Frith, Mary (c. 1584–1659)
Frith, Mary (c. 1584–1659)
British pickpocket and highway robber who formed her own gang . Name variations: Moll Cutpurse; Molly Cutpurse; Mary Markham; Molly Frith. Born in London, England, around 1584; died in 1659; daughter of a shoemaker.
One of Britain's most infamous and powerful outlaws, Mary Frith started down the wrong path early in life, defying her parents and teachers. A homely girl by conventional standards and scorned by her female peers, Frith took to competing with the boys in her neighborhood, often winning her way with her fists. While still in her early teens, she abandoned dresses for breeches and a doublet, the costume she wore until her dying day.

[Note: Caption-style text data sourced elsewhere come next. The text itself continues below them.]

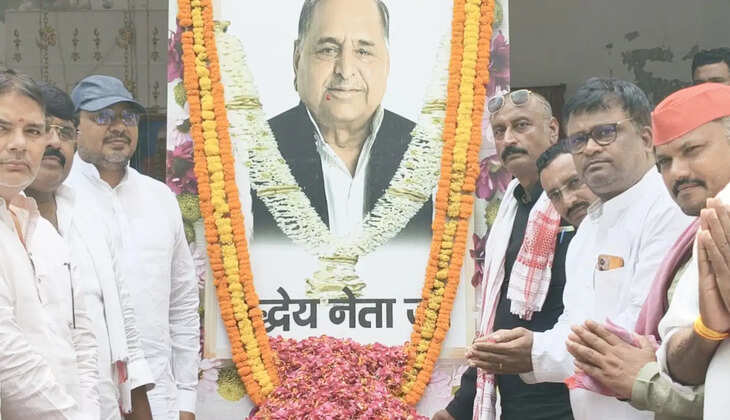 मुलायम सिंह यादव की पुण्यतिथि पर सपा कार्यालय में श्रद्धांजलि सभा, हवन-पूजन कर किया शांति पाठ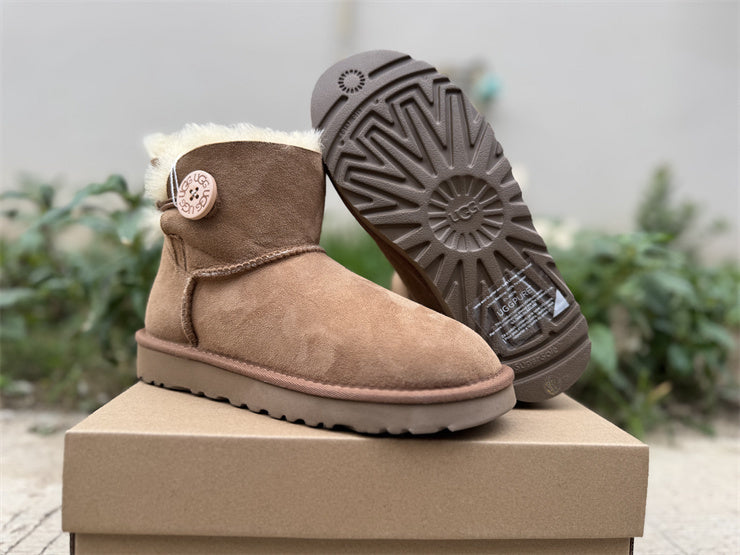UGG Bailey Mini Bailey Button II Boot cuoio naturale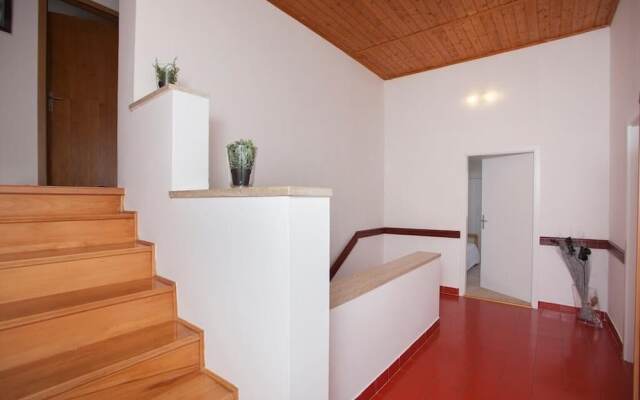 Apartment 1893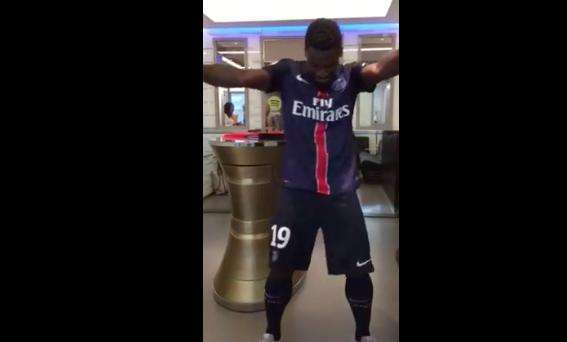 Video : Serge Aurier se met à la danse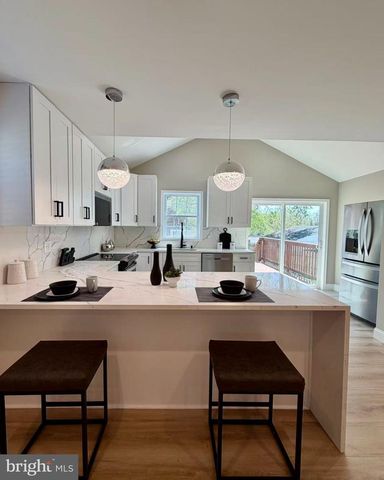 19 N RITTERS LN, Owings Mills, MD 21117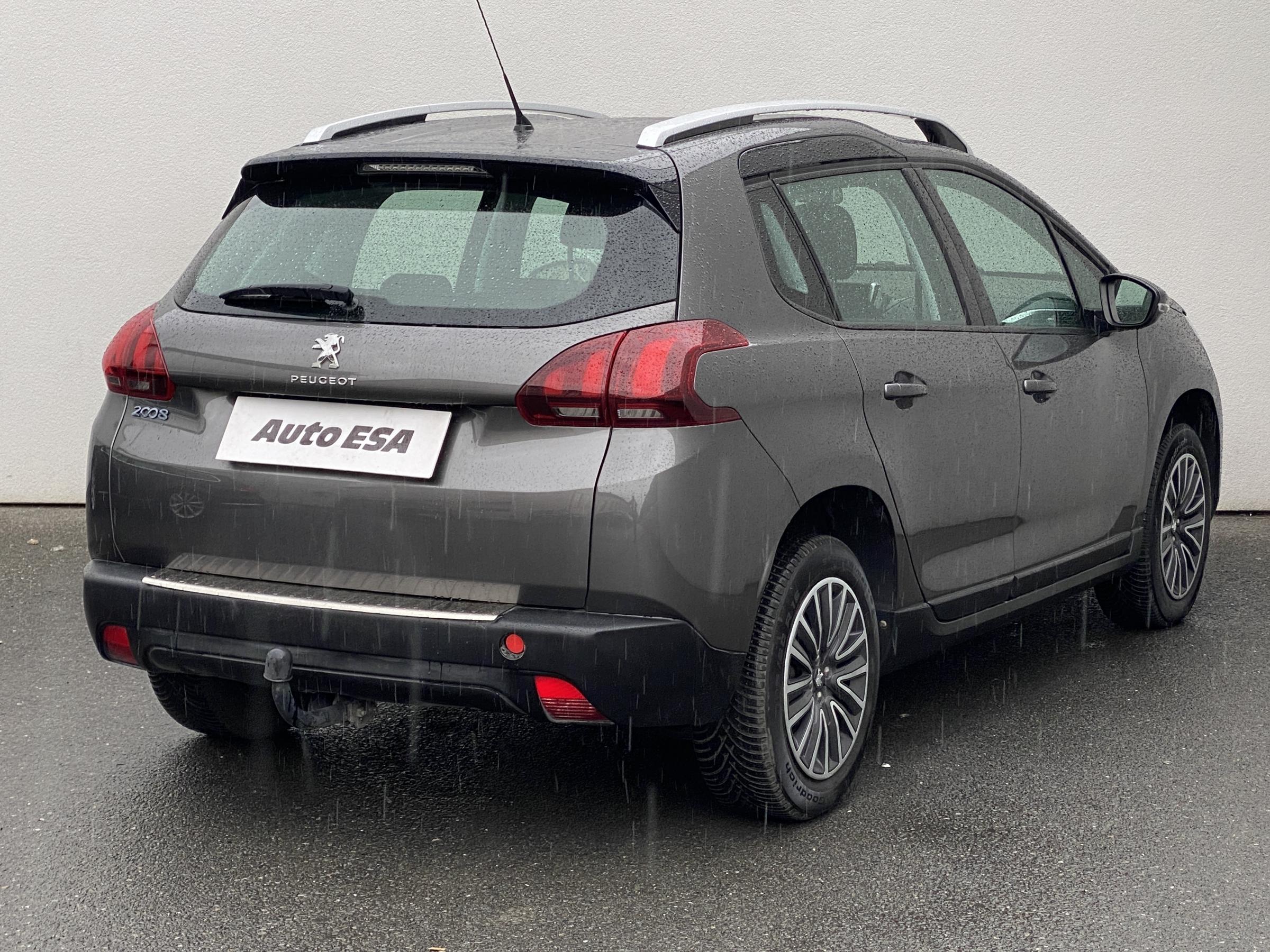 Peugeot 2008, 2018 - pohled č. 4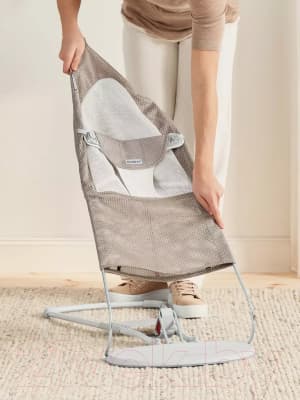 Детский шезлонг BabyBjorn Balance Mesh 0051.44 5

Frith worked unsuccessfully as a domestic servant and fortuneteller before coming to the attention of the Society of Divers, who, noting her long middle finger, pegged her as a natural pickpocket. Finding her niche, she excelled in her new profession, flaunting her success by obtaining the finest men's wardrobe available, smoking a pipe, and frequenting the local pubs. Around 1605, she took to the stage of London's Fortune Theater, belting out bawdy songs and making lewd speeches. Her performances gained her dubious acclaim as the first professional actress in England and also brought her to the attention of Elizabethan playwrights Thomas Dekker and Thomas Middleton, who made her a character in their 1907 drama, The Roaring Girl. Five years later, dramatist Nathan Field also immortalized Frith as a despicable character in his play Amends of Ladies.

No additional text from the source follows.